The following report begins with background on the situation of women and women’s groups within Palestinian society, and specifically within a highly restrictive and coercive civil space. In this context, an overview of Palestinian female role models, the vast majority of whom are celebrated for their participation in violent “resistance,” is presented. The report then reviews the role of the international community in perpetuating this state of affairs, whether through funding of radical Palestinian NGOs, or through granting international legitimacy to these groups in multilateral forums such as the UN.

Palestinian Women and the Coercive Nature of Palestinian Civil Space

Palestinian women and their interest groups operate in a precarious space within larger Palestinian society. Pervasive and discriminatory patriarchal cultural traditions not only make gender equality a difficult issue to broach in society, but also permeate all aspects of life for women. This sentiment is echoed by a UN Women study in which the authors note, “The challenges and rights violations facing women and girls in the Arab region are many, including low political and economic participation, violence and discrimination grounded in deep-rooted inequalities and established systems of patriarchy.”

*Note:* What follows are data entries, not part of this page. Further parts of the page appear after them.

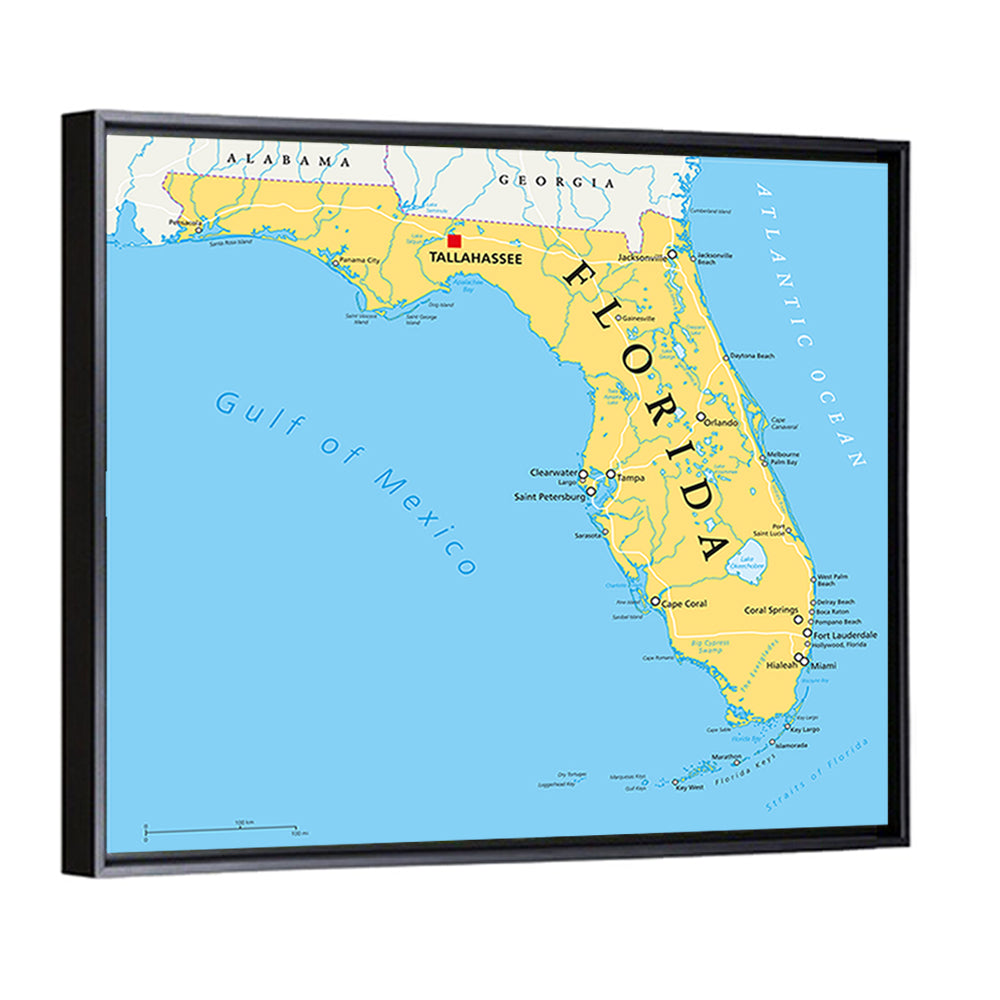 Florida Political Map Wall Art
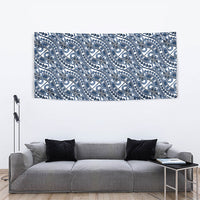 Hibiscus Bloom Island Tribal Waves Tapestry Blue Polynesian Pattern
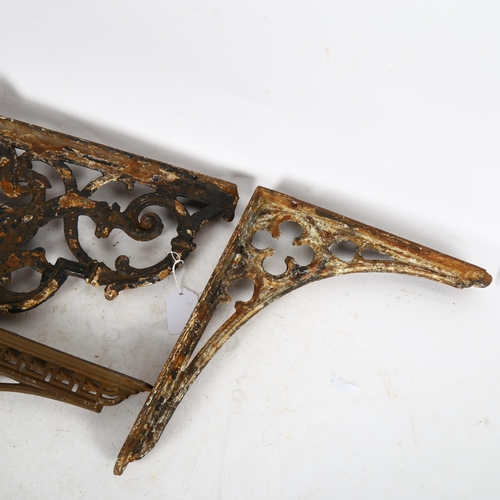 633 - 3 Antique cast-iron brackets, largest 40cm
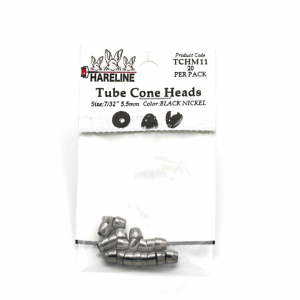 Image of Hareline Tube Cone Head Medium 7/32 in (5.5 mm) #11 Black Nickel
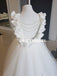 White Backless Applique Flower Girl Dresses, Tulle Lovely Little Girl Dresses, D1197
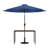 Saville Black Steel Framed 30" x 48" Faux Teak Patio Table-Tan 9FT Patio Umbrella-Base-531071361
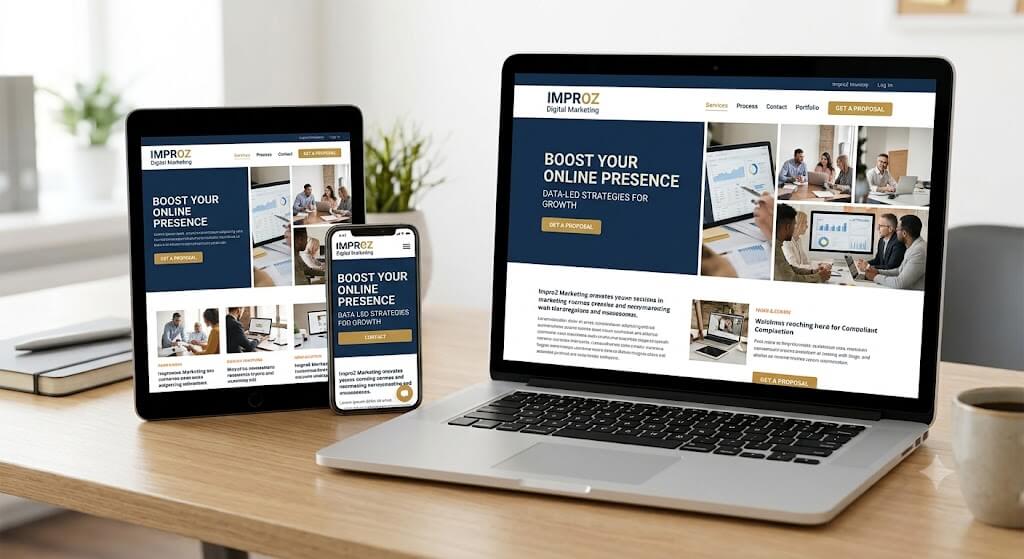 A laptop, tablet, and smartphone displaying the "Boost Your Online Presence" IMPROZ website layout.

This is demonstrated by the restrictive nature of personal and familial status laws; a very low labor participation rate of 19% (as opposed to 71% for men); a non-uniform legal system comprised of Sharia law and laws inherited from Egypt, Jordan, and Britain; and a corrupt and stagnant Palestinian Authority (PA) where women accounted only for 12.9% of parliamentarians in 2007 (the last time the Palestinian Legislative Council convened).

Similar to the discriminatory character of Palestinian society, Palestinian civil space displays many of the same features. As opposed to an arena that is meant to be neutral and foster civic participation, local Palestinian civil space is decidedly biased. In regards to Palestinian women’s groups, this is punctuated by the fact that some of the most prominent organizations, including those listed above, are members of the Code of Conduct Coalition.1 Moreover, this reality is exemplified by the 2016 “Support Statement of Palestinian Feminists in Palestine and Diaspora” which was signed by 108 leading female activists. The statement accuses Israel of “colonial and racist oppression”; “deplore[s] the colonial attitude inherent in some Israeli feminists’ request of us to sign a statement in favor of liberal ideals… and against the effective solidarity with the struggle for rights”; and “emphasize[s] that popular resistance movements, including the boycott movement, are feminist issues as well.”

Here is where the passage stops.